This issue seems to be particularly important for the mammalian genomes, where the variation in genomic G + C composition is more pronounced (isochores), reflecting dramatic differences in local mutational patterns. Biased gene conversion and transcriptionally coupled mutation in these genomes could be correlated to expression levels and might produce directional biases in the estimation of S (Birdsell 2002; Duret 2002; Comeron 2004; Lynch 2007). Urrutia and Hurst (2003), Comeron (2004), and Yang and Nielsen (2008) have attempted, in various ways, to analyze the effect of expression levels on selected codon usage after taking into account various mutational effects. Urrutia and Hurst (2003) showed that expression levels in human are correlated with codon bias after correcting for local nucleotide composition, however, is not clear whether their method would account for biased gene conversion or transcriptionally coupled mutation. Comeron (2004) performed a similar analysis of human expression and codon usage and found that transcription-associated mutational bias (TAMB) is a major factor determining codon usage in humans, however, for genes expressed in tissues with no evidence for TAMB, this worker found a definite preference for a set of optimal codons. Finally, Yang and Nielsen (2008) extended well-known codon substitution models to include population genetic parameters and selection on codon usage. Their model implicitly takes into account the local nucleotide composition of a gene, and it uses the phylogenetic relationship among a set of orthologous genes to estimate the substitution parameters. They tested the model on a set of 5,639 orthologs from five mammalian genomes and found, under a likelihood ratio test, that the null hypothesis of no selection on codon bias could be readily rejected. It is not the objective of this work to present a detailed analysis of translational selection in mammals. The estimated S values we report here for human and mouse simply reflect the log-odds ratio of codon usage in lowly versus highly expressed genes. Whether the relatively modest positive deviation we observe in this ratio is due to selection as suggested by the authors above or is due to other forces such as biased gene conversion (Lynch 2007) or TAMB (Comeron 2004) is a contentious topic that requires more research.
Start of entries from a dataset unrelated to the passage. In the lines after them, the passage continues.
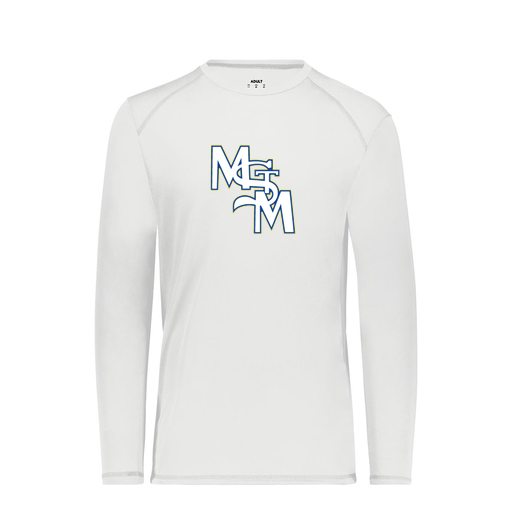 [6845.005.S-LOGO2] Men's SoftTouch Long Sleeve (Adult S, White, Logo 2)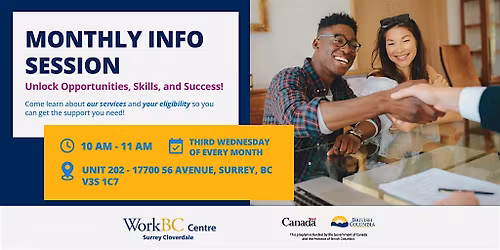 Monthly Info Session - WorkBC Centre Surrey Cloverdale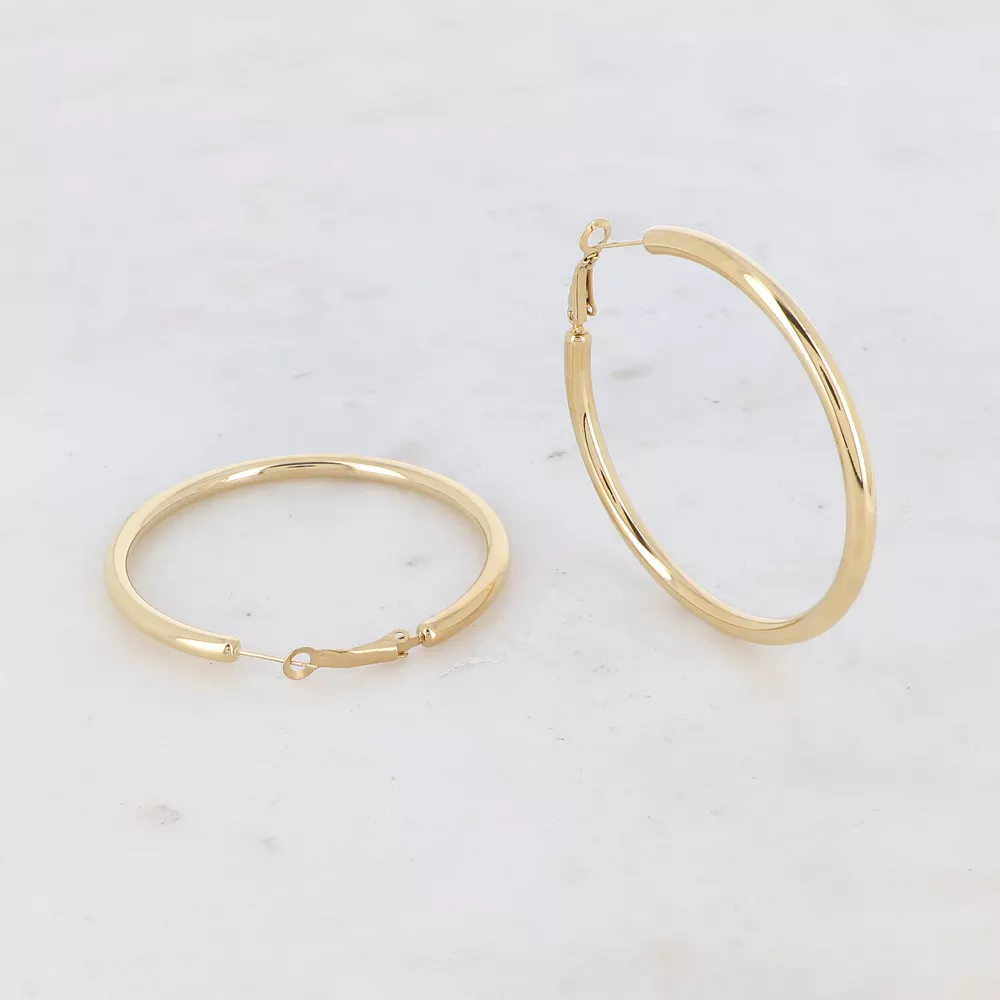 CRÉOLES ACIER INOXYDABLE DORÉ – CLASSIQUES 6 CM – BOHM PARIS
Another issue is the meaning of S. This is a confounded parameter that contains a numerical constant (2 or 4), the effective population size (Ne), and the actual selection coefficient (s). The value of the numerical constant depends on whether the organism is haploid or diploid and, in the case of diploidy, on the selection model being considered (Crow and Kimura 1970). Nearly all studies seem to assume genic selection, if this assumption does not hold, then the exact form of S cannot be known unless a different model is explicitly specified. Furthermore, some organisms like the baker's yeast present alternating haploid and diploid phases, which could arguably lead to oscillations between 2Nes and 4Nes, with the estimated value of S being an average over the variable numerical constant. However, it is important to note that S, as defined in this work, is simply the log-odds ratio between the relative frequencies of the optimal codon in highly versus lowly expressed genes. This is, nonetheless, a useful comparative measure of selected codon usage in disparate organisms such as eubacteria, unicellular eukaryotes, or metazoans.
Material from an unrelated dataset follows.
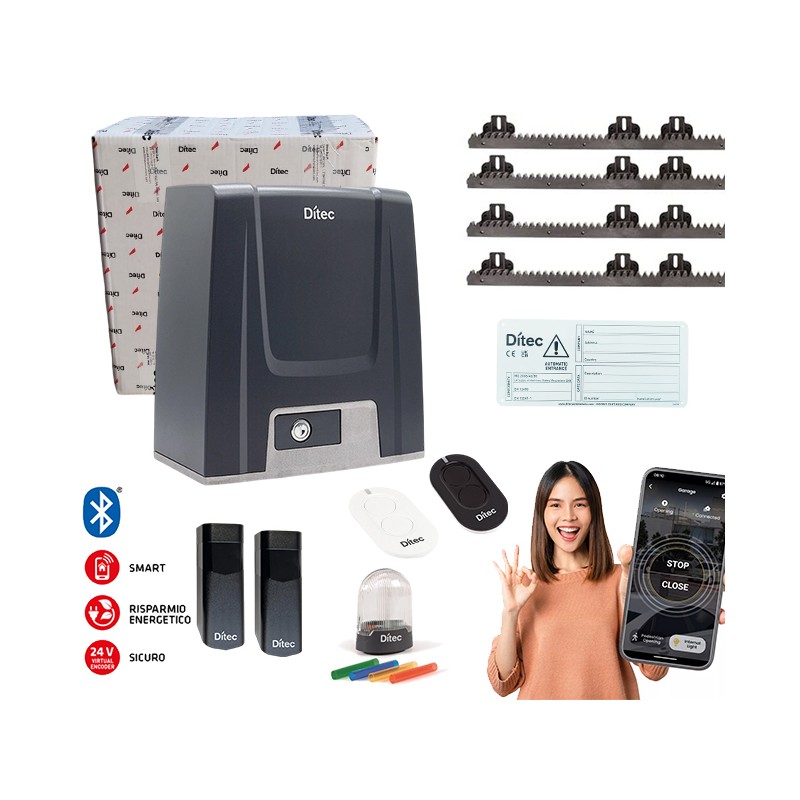 DITEC KIT ION 24V 400KG CONNETTIVITA' BLUETOOTH CANCELLO SCORREVOLE DITION4BL 4MT CREMAGLIERA ML321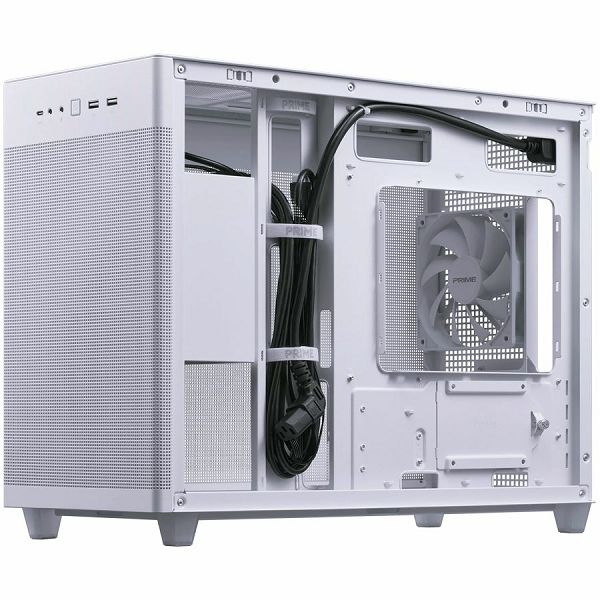 ASUS Prime AP201 MicroATX Case White - stylish 33-liter MicroATX case with tool-free side panels and a quasi-filter mesh, with support for 360 mm coolers, graphics cards up to 338 mm long, and standar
The results presented here show that population size has an important role affecting the operativity of translational selection. The organisms analyzed that presented the largest Neμ values also showed the largest selected codon usage bias. Although this fact was expected, this is the first time it is confirmed by empirical data. Further problems though need to be addressed before a fully clear picture can emerge. Mutation rate per base pair per generation varies from about 1 to 100 × 10−9 in eukaryotes (Lynch 2006), with the lowest rates observed in free living unicellular eukaryotes and the highest rates in vertebrates. This presupposes a negative correlation between Ne and μ (Lynch 2007), which, after being taken into account in figure 7, implies that the actual selection coefficient for codon usage, s, would be unusually high for genomes with low Ne. Another striking issue is that S for bacterial genomes ranges from 0 to 2.6 for the fastest dividing genomes (Sharp et al. 2005), which is about the same range observed here (fig. 7). Giving that average population numbers for bacteria are on the order of 108, this suggests that s would be substantially smaller for prokaryotes than eukaryotes. This paradox has been reviewed by Lynch (2007), and he has proposed that biased gene conversion in eukaryotes might have a substantial role in the overestimation of s in this group. Whether this is the case, it can only be confirmed with a more thorough analysis of mutational patterns in highly expressed genes. Yet another problem is the estimation of Neμ itself. Usually, silent sites in protein-coding gene alignments are used for this, and if translational selection has been widespread in a genome (as seems to be the case for unicellular eukaryotes and eubacteria), then Neμ itself would be underestimated. All these problems highlight the challenges that a more thorough analysis on S extended to a larger set of eukaryotic genomes will have to face.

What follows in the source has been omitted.